Segment Start: Input data

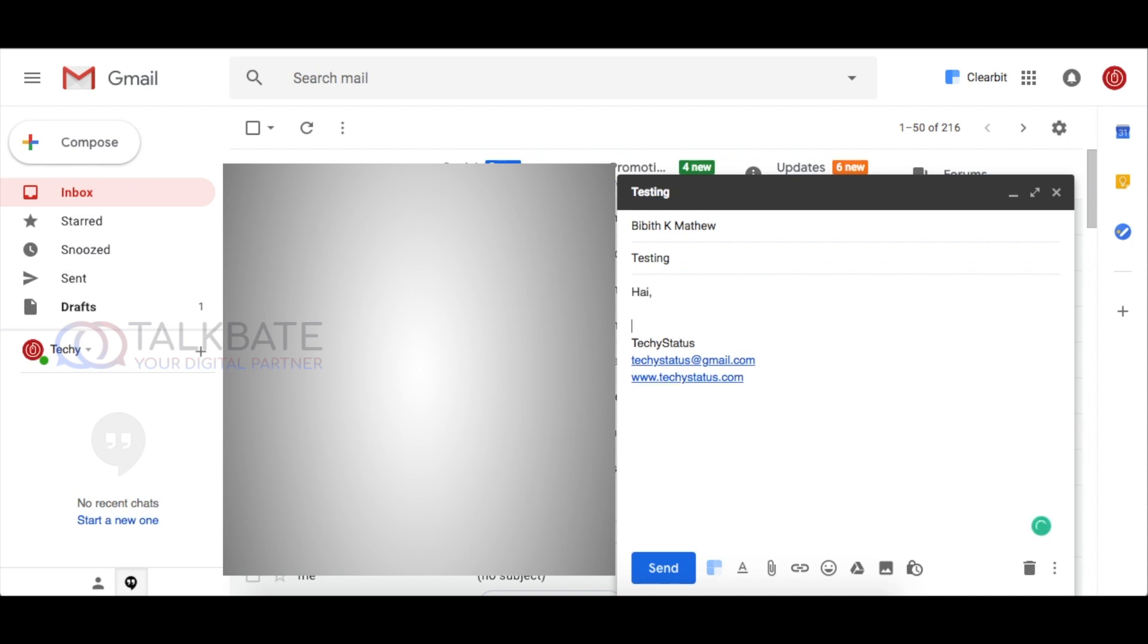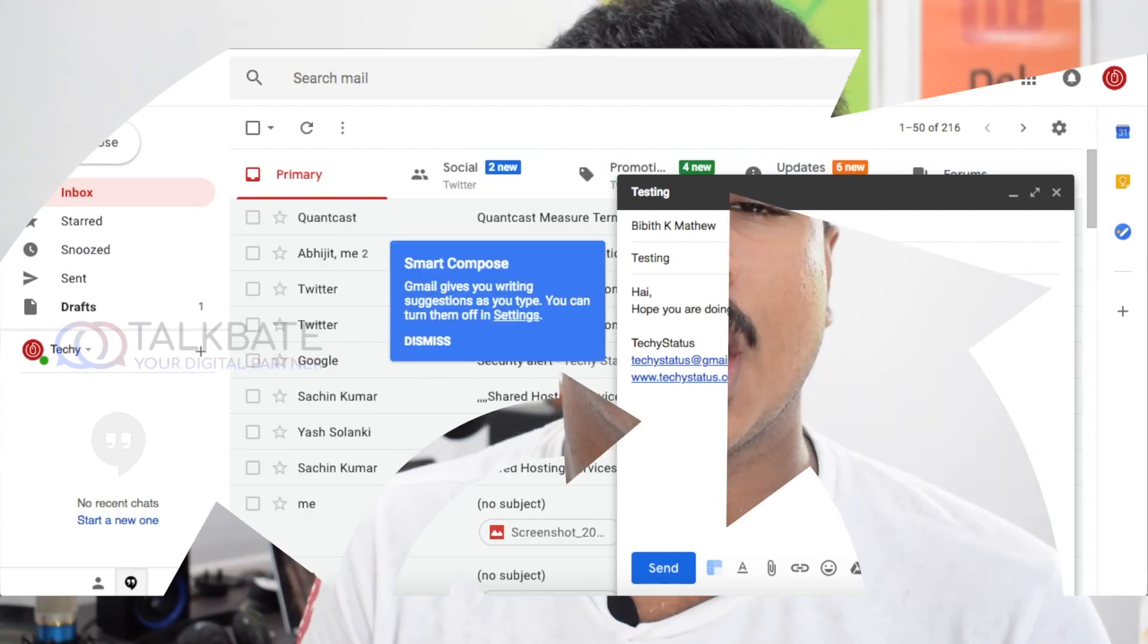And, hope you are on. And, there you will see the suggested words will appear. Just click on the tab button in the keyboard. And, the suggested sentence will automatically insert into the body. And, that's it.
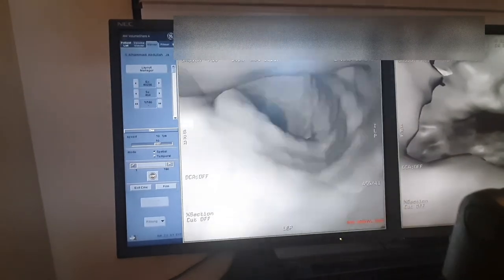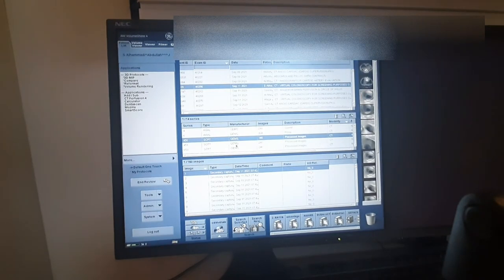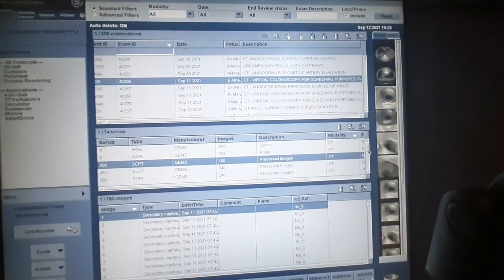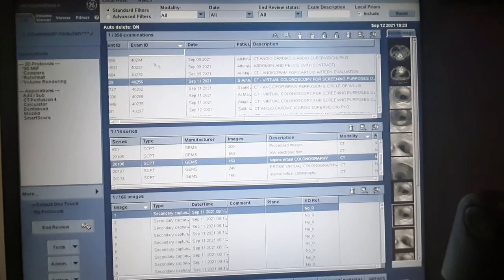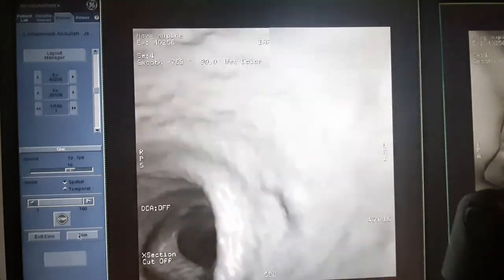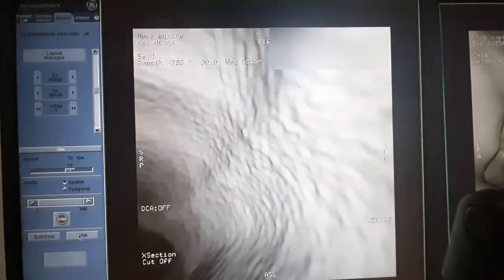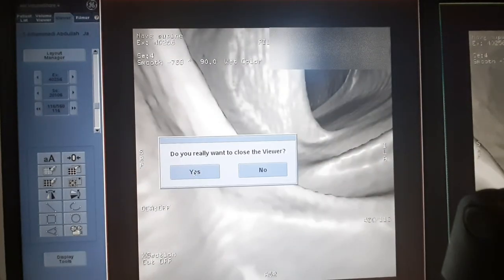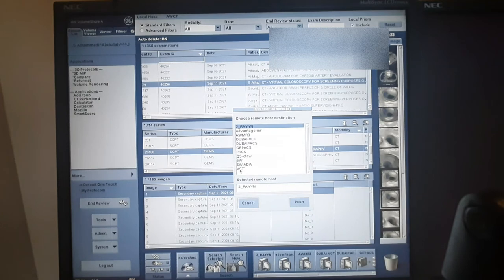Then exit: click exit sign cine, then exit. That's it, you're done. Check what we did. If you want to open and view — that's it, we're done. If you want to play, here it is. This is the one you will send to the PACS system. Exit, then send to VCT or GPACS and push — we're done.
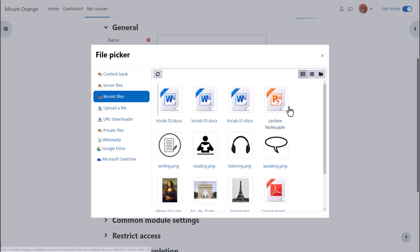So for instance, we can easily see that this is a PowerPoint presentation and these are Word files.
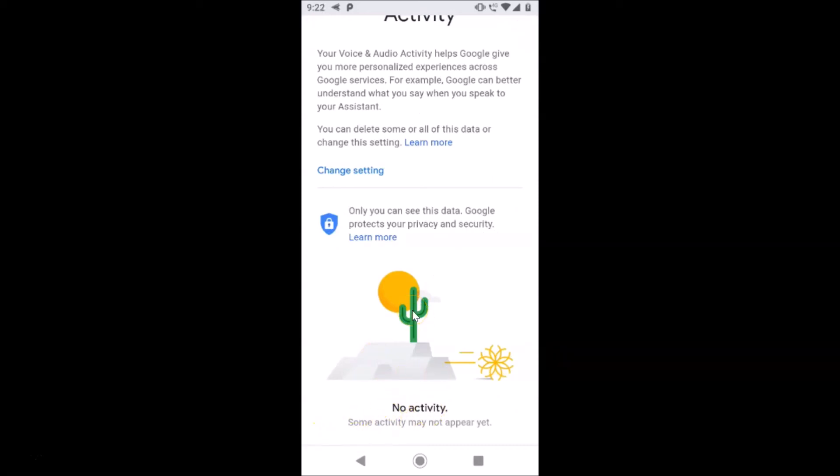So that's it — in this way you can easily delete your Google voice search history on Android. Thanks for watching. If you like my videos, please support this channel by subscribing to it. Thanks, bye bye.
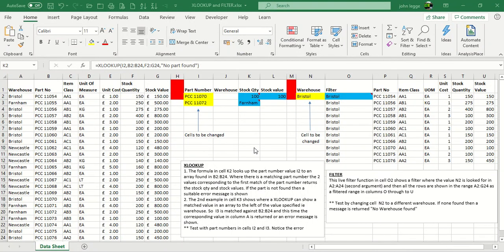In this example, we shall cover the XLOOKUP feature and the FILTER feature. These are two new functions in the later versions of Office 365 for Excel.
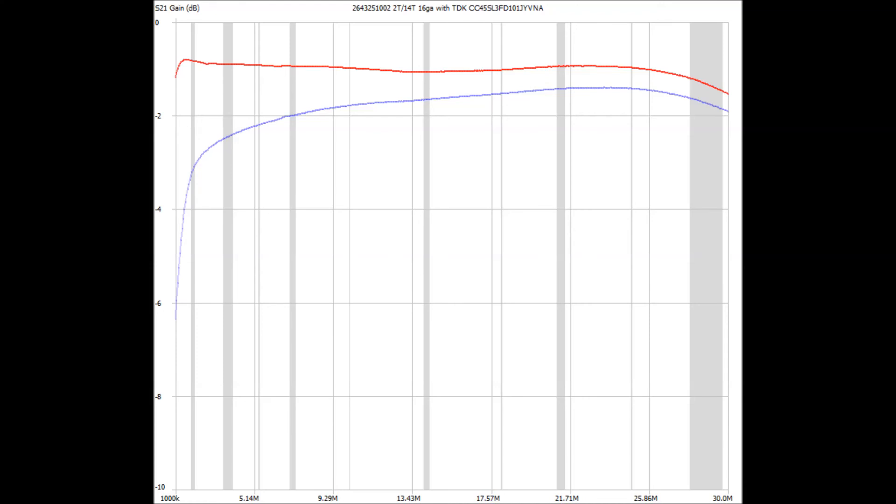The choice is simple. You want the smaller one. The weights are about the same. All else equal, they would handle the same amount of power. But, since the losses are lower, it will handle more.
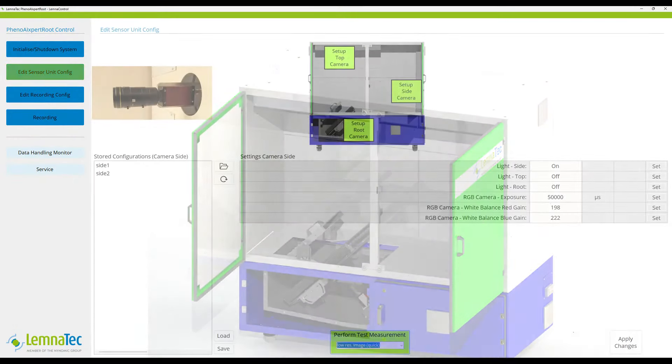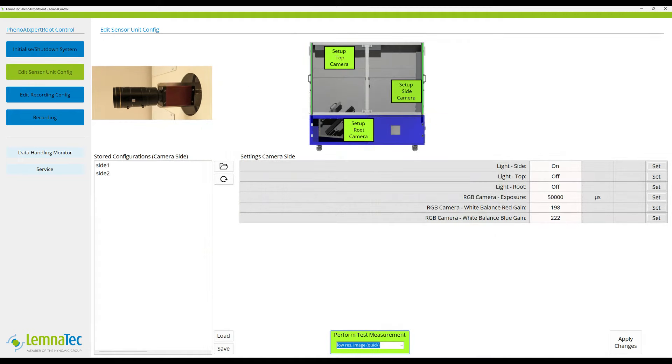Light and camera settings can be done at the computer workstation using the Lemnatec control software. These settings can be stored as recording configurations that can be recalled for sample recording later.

Segment End: Input data
Segment Start: Input data

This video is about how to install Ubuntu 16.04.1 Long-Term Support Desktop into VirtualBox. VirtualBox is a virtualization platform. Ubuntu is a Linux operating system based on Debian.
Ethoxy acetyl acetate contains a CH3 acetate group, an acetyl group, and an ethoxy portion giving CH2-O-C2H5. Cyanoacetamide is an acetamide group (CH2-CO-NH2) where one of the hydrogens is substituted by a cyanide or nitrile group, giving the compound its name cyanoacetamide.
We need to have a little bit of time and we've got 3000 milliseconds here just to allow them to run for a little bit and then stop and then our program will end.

Segment End: Input data
Segment Start: Input data

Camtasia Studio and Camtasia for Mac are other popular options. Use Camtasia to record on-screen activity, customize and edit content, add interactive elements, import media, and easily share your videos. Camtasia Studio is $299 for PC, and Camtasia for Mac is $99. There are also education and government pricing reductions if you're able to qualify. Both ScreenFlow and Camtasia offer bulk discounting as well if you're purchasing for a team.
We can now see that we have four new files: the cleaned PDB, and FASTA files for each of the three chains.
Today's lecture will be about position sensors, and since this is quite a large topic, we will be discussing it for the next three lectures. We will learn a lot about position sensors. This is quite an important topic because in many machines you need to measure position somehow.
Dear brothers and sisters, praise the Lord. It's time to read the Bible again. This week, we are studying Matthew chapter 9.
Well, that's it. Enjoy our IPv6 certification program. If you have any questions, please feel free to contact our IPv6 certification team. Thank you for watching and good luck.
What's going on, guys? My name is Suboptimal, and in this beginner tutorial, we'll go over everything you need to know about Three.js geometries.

Segment End: Input data

Your objective => Reproduce word for word the material above, beginning with the line that contains "Ethoxy acetyl acetate" and ending with the line that contains "We need to have".

Solution to the exercise =>
Ethoxy acetyl acetate contains a CH3 acetate group, an acetyl group, and an ethoxy portion giving CH2-O-C2H5. Cyanoacetamide is an acetamide group (CH2-CO-NH2) where one of the hydrogens is substituted by a cyanide or nitrile group, giving the compound its name cyanoacetamide.
We need to have a little bit of time and we've got 3000 milliseconds here just to allow them to run for a little bit and then stop and then our program will end.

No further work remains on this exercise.